This post will show how to create a CNN feature extractor (VGG_CNN_S). I have been thinking about this kind of a project for a long time and now I had time to make it real. You might want to take quick looks at my previous parts of this deep learning series: Part 1: setting up the environment and Part 2: run a pretrained CNN model.
How does a CNN feature extractor work?
Normally a neural net works somehow like this:
- Feed in the photo
- Let the data flow through the model layers
- Get a label or probabilities for labels.
A CNN feature extractor works a bit differently:
- Feed in the photo (as always)
- Let the data flow through some of the layers (not all)
- Get values from intermediate layers (as features)
- Continue with your own application.
So we will tap into the middle of the network. Data flows through the network layer by layer. However, we do not let it go all the way. Get the data out when it is still raw. This data can be used as features for your own applications.
How was it done?
I started out with a working pipeline, changed minor details and did a lot of sanity checks. At the end I created functions to extract features from any layer on any Lasagne model.
Let’s start of by looking at what the model looks like. The data flows down in this picture.
The first layer accepts inputs, the last layer outputs label probabilities. The AI magic happens in between. It is interesting to compare the model instance with the model definition. “Just” stack the layers and be done with it 😀
I tapped into the fully connected layers “fc6” and “fc7” (see the model definition) before the output. I used two separate runs to get the features, one run for “fc6” and another for “fc7”. Red arrows in the picture below illustrate where the features got out.

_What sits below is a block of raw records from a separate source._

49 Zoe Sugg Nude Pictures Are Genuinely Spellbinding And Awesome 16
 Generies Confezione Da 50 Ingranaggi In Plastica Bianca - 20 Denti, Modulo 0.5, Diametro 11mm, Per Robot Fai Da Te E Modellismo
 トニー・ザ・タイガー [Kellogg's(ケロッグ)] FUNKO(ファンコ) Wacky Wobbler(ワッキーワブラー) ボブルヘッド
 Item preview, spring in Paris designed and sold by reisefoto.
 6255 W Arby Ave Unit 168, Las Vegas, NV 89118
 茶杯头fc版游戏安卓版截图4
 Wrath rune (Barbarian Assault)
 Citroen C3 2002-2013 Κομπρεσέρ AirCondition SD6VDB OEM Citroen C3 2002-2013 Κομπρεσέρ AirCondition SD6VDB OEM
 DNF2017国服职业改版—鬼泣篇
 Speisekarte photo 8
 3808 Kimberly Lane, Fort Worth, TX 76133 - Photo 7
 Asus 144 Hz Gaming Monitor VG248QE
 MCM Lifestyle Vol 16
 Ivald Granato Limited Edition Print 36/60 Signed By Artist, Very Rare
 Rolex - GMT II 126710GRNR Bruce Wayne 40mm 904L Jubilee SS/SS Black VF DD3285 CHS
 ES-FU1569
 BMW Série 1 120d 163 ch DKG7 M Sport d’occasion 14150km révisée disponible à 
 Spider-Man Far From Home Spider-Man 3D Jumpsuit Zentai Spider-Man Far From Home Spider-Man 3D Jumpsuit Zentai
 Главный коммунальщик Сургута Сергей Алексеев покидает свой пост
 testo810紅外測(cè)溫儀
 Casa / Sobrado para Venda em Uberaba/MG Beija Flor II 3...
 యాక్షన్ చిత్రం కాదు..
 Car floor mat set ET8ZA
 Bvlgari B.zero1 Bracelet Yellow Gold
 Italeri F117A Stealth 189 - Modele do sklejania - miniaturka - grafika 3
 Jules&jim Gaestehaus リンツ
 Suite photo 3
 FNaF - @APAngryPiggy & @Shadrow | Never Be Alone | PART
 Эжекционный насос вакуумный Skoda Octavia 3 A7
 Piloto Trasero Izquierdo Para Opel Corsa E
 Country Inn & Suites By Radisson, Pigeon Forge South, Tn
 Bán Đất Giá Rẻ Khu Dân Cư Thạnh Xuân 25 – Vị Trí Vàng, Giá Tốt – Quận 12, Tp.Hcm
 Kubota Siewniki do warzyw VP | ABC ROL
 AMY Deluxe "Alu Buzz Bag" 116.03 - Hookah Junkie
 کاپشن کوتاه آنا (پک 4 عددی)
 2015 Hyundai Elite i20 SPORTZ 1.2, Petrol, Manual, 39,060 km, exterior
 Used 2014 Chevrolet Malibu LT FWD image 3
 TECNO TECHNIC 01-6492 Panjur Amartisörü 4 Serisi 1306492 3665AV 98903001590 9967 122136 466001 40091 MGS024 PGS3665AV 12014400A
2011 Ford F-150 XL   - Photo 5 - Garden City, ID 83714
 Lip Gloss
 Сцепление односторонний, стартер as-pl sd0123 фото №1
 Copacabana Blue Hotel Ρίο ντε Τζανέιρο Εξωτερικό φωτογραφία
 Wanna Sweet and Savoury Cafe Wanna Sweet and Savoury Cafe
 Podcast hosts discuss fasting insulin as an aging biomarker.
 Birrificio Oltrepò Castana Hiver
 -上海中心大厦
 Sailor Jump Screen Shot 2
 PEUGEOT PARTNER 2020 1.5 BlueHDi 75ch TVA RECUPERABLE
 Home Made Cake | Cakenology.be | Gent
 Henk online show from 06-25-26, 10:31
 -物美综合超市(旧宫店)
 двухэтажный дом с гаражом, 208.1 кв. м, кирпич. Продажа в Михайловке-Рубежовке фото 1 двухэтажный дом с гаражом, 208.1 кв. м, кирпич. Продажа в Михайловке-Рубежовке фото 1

Both layers output 4096 dimensional scarce features (a lot of zeros). Only about 1/4 of the values were non-zeros. These dimensions match with the model definition.
Developing a custom image recognition application would continue by training and developing a model based on these features and application’s target labels. In the application you should use photos similar to the photos, which you or someone used to train the pretrained model.
Thank you for reading and keep it up!
Ps. It took approx. 20h to get everything up and running. Sooo, I hope you learned something and got new ideas out of it! 🙂